Now a book detailing the city's wealth of sculptures has been launched to help people locate the best of the memorials and artworks.
Birmingham Public Sculpture Trails provides readers with a step-by-step tour of the city's "diverse and accessible" sculptures through four individual trails.
It was launched on Friday in Birmingham City Council's banqueting suite by the authors George T Noszlopy and Fiona Waterhouse from Birmingham City University.
They were joined by council leader Mike Whitby, the Lord Mayor of Birmingham Councillor Chauhdry Rashid and representatives from the publishers Liverpool University Press.
The pocket-sized book not only highlights the artistic qualities of many of the pieces, but also offers a wealth of background details about the commissioning of the works, the people commemorated by them and the artists who made them.
Coun Whitby said the book demonstrated how the city was surrounded by a "fantastically-rich tapestry of sculptures" in its squares, streets, parks and on buildings.
He said: "We are truly fortunate to be able to see world class examples of the new, like the River Goddess in Centenary Square, only a few minutes away from important historical examples of the old, like that of Lord Nelson in the Bullring.
"I encourage everyone to use this book as a tool in accessing Birmingham's sculptural heritage, to explore the city, and to take in some of the wide variety of sculpture on offer.
"I hope in doing so, people will see some of our thoroughfares and meeting places transformed before their eyes - into vast public galleries, where some of Birmingham's most significant artwork is displayed."

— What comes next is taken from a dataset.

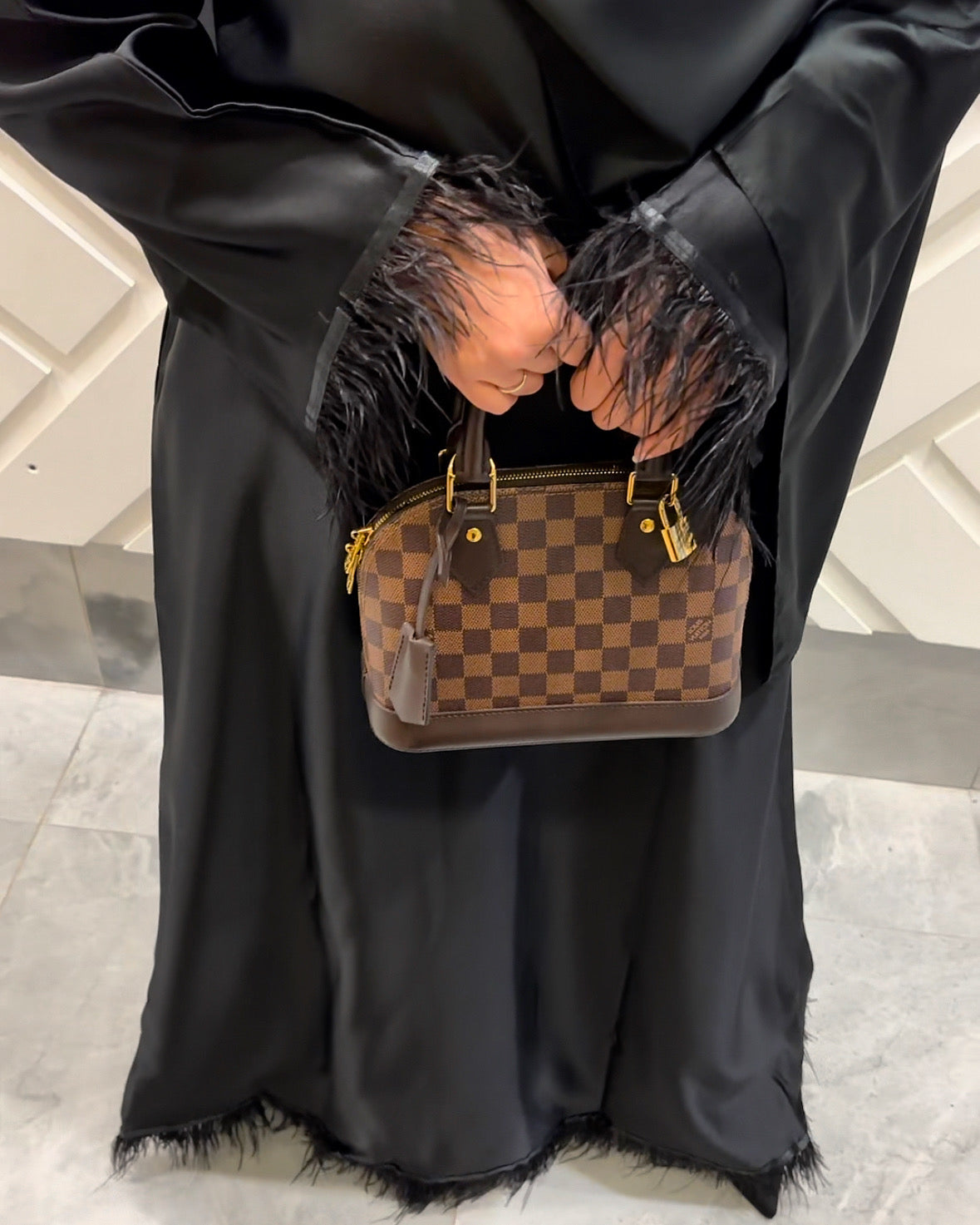 Abaya Feather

Coun Whitby added that the council and its partners had been working to keep Birmingham's sculptures as accessible as possible for the public, with recent conservation work including the return of William Blore's regilded Boulton, Murdoch and Watt statue in time for the 50th anniversary of its installation.
Funding to restore Albert Toft's statue of King Edward VII and relocate it from Highgate Park to Centenary Square has also recently been identified and next month the Thomas Attwood statue in Sparkbrook will be moved into storage for conservation.